-- AIM OF THE EXERCISE --
Return, exactly and in full, the lines of the records below starting at the one with "هتل Flämischer Hof" and ending at the one with "3250 Corona Village Way Orlando FL 32835", and no other lines.

Segment Open

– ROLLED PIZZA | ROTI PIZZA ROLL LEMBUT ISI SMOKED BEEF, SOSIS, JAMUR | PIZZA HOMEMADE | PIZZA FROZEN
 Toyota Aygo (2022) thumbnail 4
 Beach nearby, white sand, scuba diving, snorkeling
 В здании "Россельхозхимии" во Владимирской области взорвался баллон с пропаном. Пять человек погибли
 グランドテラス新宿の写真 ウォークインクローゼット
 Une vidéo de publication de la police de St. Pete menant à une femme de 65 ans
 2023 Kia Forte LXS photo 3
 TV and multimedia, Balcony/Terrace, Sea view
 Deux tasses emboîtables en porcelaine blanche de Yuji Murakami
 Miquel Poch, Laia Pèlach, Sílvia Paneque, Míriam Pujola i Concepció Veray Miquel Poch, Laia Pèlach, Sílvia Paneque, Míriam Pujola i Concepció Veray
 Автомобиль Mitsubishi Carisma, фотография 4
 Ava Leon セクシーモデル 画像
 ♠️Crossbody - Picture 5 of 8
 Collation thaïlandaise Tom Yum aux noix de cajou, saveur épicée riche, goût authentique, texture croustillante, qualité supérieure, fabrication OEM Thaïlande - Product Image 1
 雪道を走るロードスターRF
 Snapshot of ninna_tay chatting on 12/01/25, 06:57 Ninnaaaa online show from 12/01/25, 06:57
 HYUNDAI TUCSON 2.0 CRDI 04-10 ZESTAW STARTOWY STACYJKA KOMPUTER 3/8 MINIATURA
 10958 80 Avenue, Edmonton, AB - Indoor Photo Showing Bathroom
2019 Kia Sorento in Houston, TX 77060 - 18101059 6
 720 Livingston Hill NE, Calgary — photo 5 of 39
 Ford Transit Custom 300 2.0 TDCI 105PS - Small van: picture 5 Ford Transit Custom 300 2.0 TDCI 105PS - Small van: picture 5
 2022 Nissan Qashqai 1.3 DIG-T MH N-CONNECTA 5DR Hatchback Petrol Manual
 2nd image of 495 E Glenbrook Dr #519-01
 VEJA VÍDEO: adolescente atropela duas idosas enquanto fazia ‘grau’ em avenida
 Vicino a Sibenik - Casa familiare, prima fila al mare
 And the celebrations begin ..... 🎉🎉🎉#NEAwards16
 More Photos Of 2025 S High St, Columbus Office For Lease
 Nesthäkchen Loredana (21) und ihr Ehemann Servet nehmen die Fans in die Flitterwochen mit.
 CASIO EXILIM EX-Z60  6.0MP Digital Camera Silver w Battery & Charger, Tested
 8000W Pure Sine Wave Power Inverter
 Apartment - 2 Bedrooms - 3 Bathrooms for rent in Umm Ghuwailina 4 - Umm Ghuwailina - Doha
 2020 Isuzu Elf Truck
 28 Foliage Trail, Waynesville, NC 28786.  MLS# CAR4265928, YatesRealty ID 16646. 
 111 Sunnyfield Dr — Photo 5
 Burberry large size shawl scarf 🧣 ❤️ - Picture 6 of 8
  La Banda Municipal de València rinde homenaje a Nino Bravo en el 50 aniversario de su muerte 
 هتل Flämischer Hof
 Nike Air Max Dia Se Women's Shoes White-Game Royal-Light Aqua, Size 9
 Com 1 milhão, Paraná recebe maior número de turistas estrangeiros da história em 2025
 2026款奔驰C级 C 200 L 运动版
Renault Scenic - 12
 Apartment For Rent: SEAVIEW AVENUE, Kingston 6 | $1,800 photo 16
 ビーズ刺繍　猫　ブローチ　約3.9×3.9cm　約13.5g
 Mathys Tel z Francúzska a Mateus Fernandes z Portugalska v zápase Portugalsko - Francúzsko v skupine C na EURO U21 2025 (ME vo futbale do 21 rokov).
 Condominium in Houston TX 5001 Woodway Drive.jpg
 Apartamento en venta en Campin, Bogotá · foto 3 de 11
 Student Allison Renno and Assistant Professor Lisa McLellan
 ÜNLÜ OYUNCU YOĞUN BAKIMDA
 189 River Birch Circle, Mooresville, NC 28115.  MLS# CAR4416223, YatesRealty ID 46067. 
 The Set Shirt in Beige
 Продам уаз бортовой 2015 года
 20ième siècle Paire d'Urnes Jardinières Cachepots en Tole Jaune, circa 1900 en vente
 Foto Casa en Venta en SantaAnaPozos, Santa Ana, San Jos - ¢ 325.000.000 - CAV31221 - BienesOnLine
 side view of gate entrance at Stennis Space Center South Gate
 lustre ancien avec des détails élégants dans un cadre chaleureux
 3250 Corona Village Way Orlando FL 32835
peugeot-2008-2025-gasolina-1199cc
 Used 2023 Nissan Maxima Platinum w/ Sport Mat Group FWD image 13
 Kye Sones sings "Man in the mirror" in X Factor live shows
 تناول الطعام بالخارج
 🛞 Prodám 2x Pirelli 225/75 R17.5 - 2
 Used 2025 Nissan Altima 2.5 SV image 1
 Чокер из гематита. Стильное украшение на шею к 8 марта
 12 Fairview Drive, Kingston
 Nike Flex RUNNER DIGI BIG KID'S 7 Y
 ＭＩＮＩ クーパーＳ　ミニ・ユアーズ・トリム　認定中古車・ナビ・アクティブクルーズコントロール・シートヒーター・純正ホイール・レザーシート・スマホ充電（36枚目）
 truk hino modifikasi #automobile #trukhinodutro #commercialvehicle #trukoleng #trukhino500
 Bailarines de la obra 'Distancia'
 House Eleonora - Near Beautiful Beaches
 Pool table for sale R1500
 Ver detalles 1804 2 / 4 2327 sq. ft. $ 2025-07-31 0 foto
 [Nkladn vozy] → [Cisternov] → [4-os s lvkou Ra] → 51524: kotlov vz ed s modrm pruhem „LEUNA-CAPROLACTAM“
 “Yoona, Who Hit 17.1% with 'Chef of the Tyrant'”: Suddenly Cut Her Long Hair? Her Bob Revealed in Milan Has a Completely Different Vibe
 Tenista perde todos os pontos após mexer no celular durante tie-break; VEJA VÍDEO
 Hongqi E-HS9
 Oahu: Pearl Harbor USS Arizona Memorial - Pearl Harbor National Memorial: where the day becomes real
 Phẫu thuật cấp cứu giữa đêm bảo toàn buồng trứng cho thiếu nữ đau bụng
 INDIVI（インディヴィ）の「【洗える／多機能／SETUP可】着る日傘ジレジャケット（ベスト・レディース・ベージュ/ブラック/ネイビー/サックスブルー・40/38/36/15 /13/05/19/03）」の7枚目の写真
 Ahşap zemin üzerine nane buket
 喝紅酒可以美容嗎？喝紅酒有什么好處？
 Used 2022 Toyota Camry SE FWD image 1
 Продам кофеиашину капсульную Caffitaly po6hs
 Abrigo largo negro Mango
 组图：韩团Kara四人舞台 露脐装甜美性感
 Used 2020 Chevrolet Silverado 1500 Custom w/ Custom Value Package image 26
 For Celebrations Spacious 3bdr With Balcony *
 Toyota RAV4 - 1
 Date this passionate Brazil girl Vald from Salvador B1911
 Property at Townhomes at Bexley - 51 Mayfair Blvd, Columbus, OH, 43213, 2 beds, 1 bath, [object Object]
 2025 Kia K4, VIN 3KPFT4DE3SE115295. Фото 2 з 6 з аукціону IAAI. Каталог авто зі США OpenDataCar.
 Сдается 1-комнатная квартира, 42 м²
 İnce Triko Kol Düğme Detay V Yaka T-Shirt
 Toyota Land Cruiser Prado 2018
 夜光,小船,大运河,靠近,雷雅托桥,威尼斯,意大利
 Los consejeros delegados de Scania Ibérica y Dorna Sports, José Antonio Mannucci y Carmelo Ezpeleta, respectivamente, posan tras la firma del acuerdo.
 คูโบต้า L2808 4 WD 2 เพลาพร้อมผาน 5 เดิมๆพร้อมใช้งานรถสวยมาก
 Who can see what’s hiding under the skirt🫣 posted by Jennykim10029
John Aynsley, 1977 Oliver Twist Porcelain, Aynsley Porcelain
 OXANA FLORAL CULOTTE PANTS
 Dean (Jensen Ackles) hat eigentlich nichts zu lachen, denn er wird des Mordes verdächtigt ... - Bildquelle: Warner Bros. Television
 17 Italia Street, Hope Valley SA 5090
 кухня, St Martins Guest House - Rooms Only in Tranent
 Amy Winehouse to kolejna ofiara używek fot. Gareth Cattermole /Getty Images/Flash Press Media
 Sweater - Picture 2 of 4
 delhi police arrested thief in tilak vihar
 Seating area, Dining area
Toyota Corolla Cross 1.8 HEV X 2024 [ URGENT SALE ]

Segment Closed

-- ANSWER SPACE --
 هتل Flämischer Hof
 Nike Air Max Dia Se Women's Shoes White-Game Royal-Light Aqua, Size 9
 Com 1 milhão, Paraná recebe maior número de turistas estrangeiros da história em 2025
 2026款奔驰C级 C 200 L 运动版
Renault Scenic - 12
 Apartment For Rent: SEAVIEW AVENUE, Kingston 6 | $1,800 photo 16
 ビーズ刺繍　猫　ブローチ　約3.9×3.9cm　約13.5g
 Mathys Tel z Francúzska a Mateus Fernandes z Portugalska v zápase Portugalsko - Francúzsko v skupine C na EURO U21 2025 (ME vo futbale do 21 rokov).
 Condominium in Houston TX 5001 Woodway Drive.jpg
 Apartamento en venta en Campin, Bogotá · foto 3 de 11
 Student Allison Renno and Assistant Professor Lisa McLellan
 ÜNLÜ OYUNCU YOĞUN BAKIMDA
 189 River Birch Circle, Mooresville, NC 28115.  MLS# CAR4416223, YatesRealty ID 46067. 
 The Set Shirt in Beige
 Продам уаз бортовой 2015 года
 20ième siècle Paire d'Urnes Jardinières Cachepots en Tole Jaune, circa 1900 en vente
 Foto Casa en Venta en SantaAnaPozos, Santa Ana, San Jos - ¢ 325.000.000 - CAV31221 - BienesOnLine
 side view of gate entrance at Stennis Space Center South Gate
 lustre ancien avec des détails élégants dans un cadre chaleureux
 3250 Corona Village Way Orlando FL 32835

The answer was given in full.